* _The problem_
Only an exact repetition is needed: the lines from the start of the listing below through the line that contains "Demana [Skin-friendly Pure", pictures omitted.

BEGIN Dataset excerpt

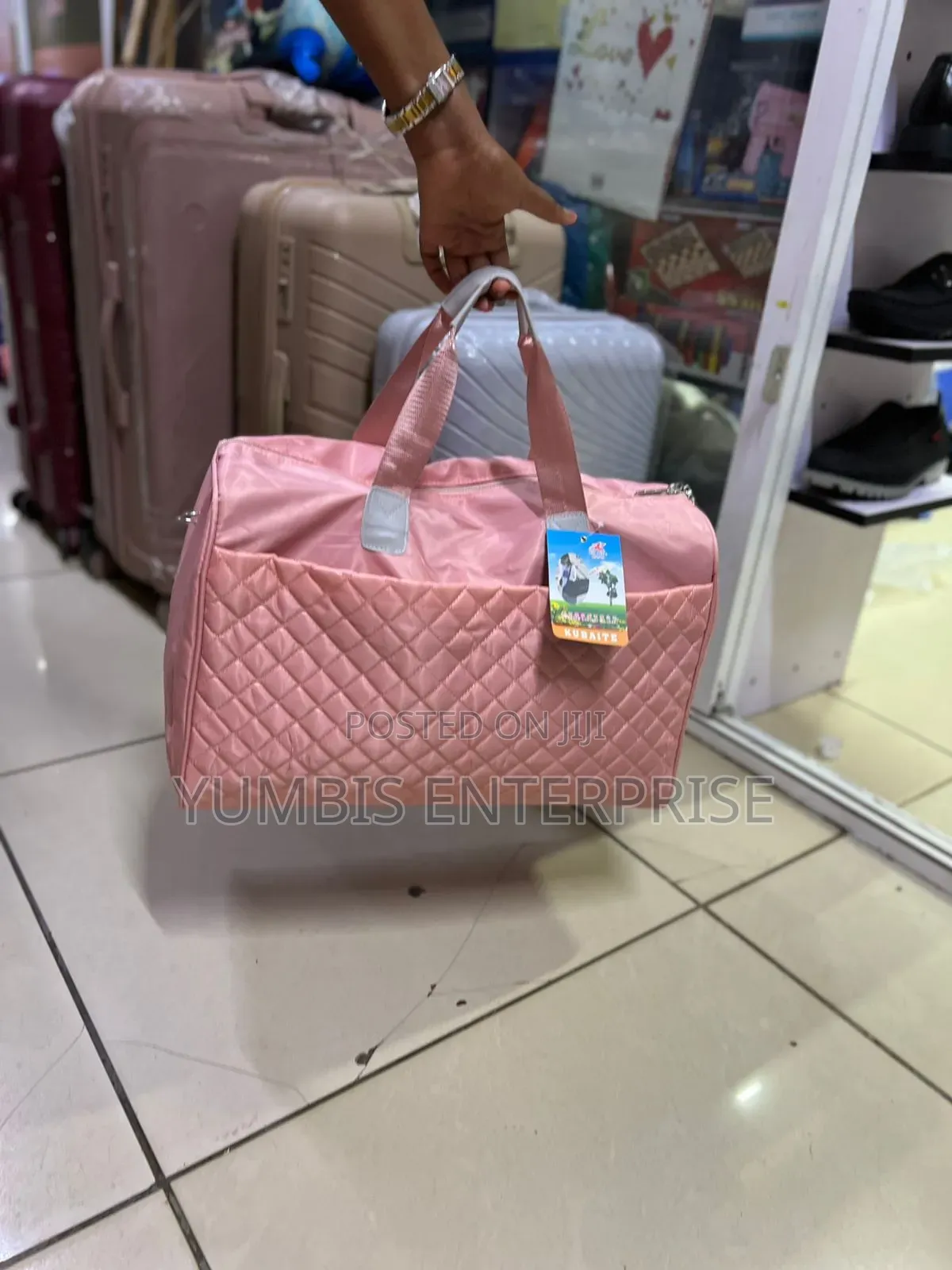 Emery Rose Gold Quilted Waterproof Travel Bags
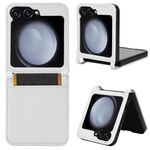 Per Samsung Galaxy Flip6 Custodia in pelle con texture a diamante (bianca)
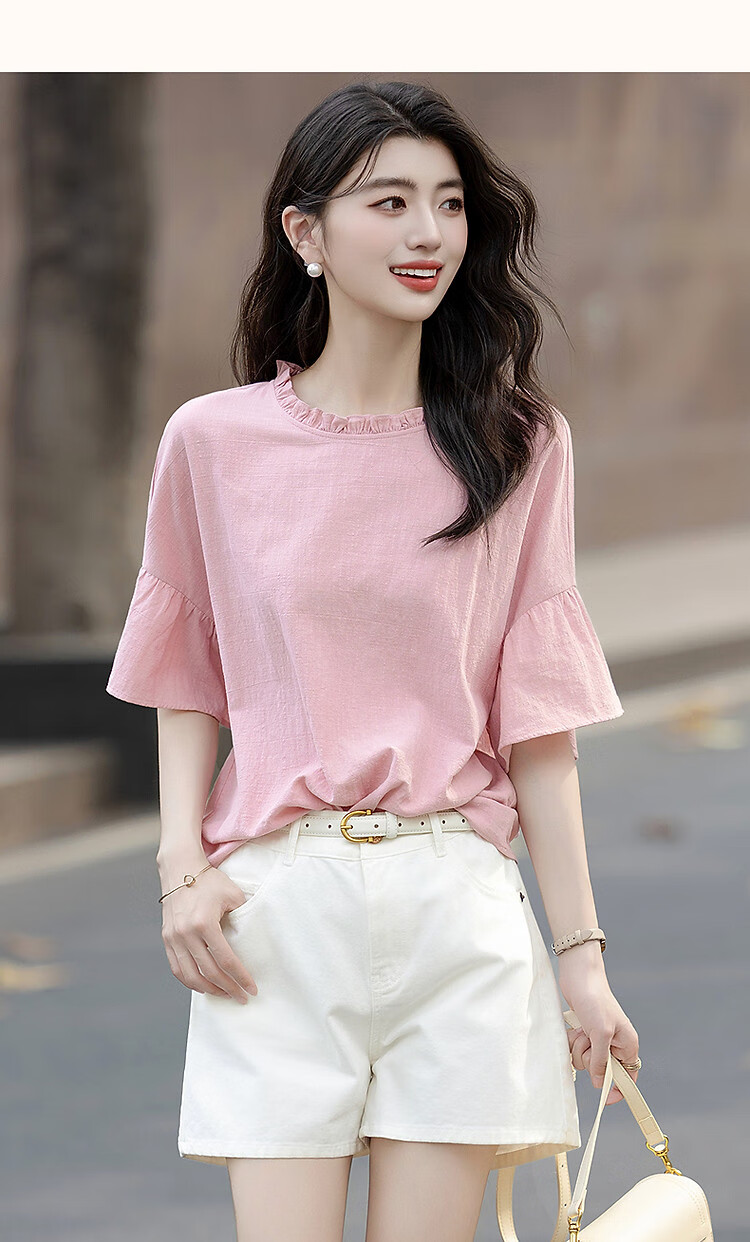 Demana [Skin-friendly Pure Cotton] Summer French Lace Round Neck Ruffle Sleeve Loose Fit Petite Shirt Women's Top 15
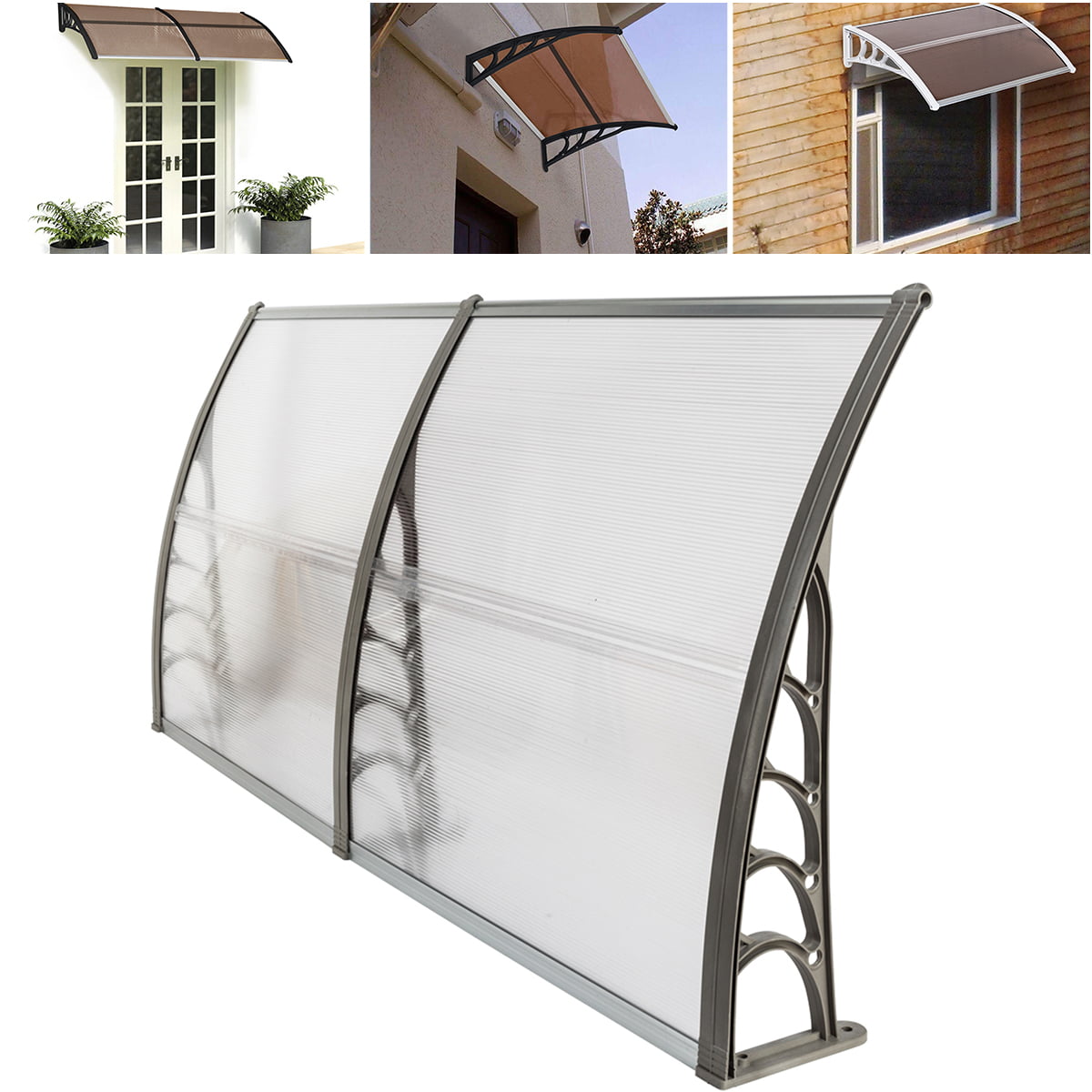 Modern Polycarbonate Front Door Canopy Patio Window Hollow Sheet for Doors and Windows Window Door Cover for Rain Snow Sunlight Protection Black bracket/White board 40x30 Window Awning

END Dataset excerpt

* _Problem solution_
 Emery Rose Gold Quilted Waterproof Travel Bags
 Per Samsung Galaxy Flip6 Custodia in pelle con texture a diamante (bianca)
 Demana [Skin-friendly Pure Cotton] Summer French Lace Round Neck Ruffle Sleeve Loose Fit Petite Shirt Women's Top 15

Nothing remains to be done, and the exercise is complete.